» **Directions**
Below is some data. Retype exactly the lines starting at the one with "In this video, I'm" and ending at the one with "While we're waiting, we".

[[ The input, beginning ]]

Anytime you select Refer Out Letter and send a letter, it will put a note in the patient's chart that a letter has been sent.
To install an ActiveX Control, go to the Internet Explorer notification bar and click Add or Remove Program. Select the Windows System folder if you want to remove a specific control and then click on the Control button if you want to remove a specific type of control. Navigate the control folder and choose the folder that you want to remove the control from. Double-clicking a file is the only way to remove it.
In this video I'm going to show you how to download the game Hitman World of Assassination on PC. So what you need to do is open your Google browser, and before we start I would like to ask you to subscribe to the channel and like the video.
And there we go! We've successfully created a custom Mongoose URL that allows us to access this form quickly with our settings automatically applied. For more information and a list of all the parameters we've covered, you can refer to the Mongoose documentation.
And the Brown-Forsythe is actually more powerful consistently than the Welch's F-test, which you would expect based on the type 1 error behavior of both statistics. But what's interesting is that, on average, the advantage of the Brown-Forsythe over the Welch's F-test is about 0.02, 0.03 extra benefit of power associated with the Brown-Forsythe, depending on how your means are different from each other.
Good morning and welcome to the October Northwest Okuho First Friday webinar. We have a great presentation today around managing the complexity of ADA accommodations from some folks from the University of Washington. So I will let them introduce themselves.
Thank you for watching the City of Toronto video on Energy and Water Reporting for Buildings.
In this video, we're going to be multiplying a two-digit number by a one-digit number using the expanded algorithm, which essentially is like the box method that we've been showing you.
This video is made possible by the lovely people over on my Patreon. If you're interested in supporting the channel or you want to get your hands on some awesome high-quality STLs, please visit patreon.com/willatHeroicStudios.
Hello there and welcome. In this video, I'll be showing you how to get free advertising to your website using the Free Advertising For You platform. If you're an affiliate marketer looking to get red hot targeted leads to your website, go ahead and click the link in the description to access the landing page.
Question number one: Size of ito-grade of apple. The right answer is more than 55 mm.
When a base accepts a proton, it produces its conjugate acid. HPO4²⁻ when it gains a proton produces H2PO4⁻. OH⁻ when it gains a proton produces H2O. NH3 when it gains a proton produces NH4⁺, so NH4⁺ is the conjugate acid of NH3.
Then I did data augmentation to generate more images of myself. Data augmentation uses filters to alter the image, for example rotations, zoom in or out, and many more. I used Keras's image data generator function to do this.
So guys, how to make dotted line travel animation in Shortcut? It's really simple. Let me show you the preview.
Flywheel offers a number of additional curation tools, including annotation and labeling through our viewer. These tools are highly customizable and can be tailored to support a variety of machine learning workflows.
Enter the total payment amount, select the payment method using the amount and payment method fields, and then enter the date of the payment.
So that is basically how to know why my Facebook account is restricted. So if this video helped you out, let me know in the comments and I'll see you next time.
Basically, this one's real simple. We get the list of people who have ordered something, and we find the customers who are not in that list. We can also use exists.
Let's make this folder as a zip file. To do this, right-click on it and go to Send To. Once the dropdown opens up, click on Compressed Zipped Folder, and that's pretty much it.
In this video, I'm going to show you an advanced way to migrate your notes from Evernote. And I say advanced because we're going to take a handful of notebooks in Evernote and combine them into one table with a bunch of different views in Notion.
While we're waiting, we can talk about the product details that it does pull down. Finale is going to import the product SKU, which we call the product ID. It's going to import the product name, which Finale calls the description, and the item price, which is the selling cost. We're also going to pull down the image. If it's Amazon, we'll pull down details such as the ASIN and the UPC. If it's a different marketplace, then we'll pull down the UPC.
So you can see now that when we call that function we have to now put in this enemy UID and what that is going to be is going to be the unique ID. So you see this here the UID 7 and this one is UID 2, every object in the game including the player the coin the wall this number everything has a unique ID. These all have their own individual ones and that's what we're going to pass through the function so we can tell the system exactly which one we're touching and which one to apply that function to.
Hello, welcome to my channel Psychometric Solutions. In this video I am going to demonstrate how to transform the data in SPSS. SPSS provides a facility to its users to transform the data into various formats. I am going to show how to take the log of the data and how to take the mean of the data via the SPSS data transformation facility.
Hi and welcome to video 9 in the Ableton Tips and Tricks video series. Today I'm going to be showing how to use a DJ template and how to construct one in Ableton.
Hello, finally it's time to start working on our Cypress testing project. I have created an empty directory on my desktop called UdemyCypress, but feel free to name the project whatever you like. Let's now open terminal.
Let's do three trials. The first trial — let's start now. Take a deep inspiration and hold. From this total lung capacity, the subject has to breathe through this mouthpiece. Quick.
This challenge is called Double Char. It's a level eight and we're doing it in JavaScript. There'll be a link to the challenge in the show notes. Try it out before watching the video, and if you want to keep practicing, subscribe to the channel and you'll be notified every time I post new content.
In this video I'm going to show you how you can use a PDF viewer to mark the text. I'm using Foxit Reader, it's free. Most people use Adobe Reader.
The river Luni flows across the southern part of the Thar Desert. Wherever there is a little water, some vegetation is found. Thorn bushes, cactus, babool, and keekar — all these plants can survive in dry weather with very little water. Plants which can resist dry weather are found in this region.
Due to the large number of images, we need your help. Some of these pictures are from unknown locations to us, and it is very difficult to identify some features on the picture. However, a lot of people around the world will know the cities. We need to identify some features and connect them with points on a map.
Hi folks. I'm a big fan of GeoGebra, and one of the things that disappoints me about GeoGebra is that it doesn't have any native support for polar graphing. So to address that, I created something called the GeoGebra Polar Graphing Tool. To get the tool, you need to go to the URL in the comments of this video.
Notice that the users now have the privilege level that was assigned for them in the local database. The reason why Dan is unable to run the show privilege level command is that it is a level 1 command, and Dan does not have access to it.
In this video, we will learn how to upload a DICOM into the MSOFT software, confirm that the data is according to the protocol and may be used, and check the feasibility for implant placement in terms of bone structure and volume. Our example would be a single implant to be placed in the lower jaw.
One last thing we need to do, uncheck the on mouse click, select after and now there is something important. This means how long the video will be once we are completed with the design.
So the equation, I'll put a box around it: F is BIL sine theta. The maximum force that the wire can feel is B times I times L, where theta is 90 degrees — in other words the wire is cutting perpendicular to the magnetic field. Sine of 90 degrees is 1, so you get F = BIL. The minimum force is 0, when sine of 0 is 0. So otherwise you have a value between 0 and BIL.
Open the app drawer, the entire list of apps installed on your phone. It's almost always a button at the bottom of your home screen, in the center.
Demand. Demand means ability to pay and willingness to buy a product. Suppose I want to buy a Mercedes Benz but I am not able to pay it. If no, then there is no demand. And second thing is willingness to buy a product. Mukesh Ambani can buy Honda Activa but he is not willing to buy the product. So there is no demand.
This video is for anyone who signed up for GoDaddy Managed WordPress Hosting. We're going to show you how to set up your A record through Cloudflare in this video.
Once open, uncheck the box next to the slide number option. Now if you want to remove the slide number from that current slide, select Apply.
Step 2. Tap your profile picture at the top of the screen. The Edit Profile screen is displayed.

[[ The input, end ]]

» **Solution**
In this video, I'm going to show you an advanced way to migrate your notes from Evernote. And I say advanced because we're going to take a handful of notebooks in Evernote and combine them into one table with a bunch of different views in Notion.
While we're waiting, we can talk about the product details that it does pull down. Finale is going to import the product SKU, which we call the product ID. It's going to import the product name, which Finale calls the description, and the item price, which is the selling cost. We're also going to pull down the image. If it's Amazon, we'll pull down details such as the ASIN and the UPC. If it's a different marketplace, then we'll pull down the UPC.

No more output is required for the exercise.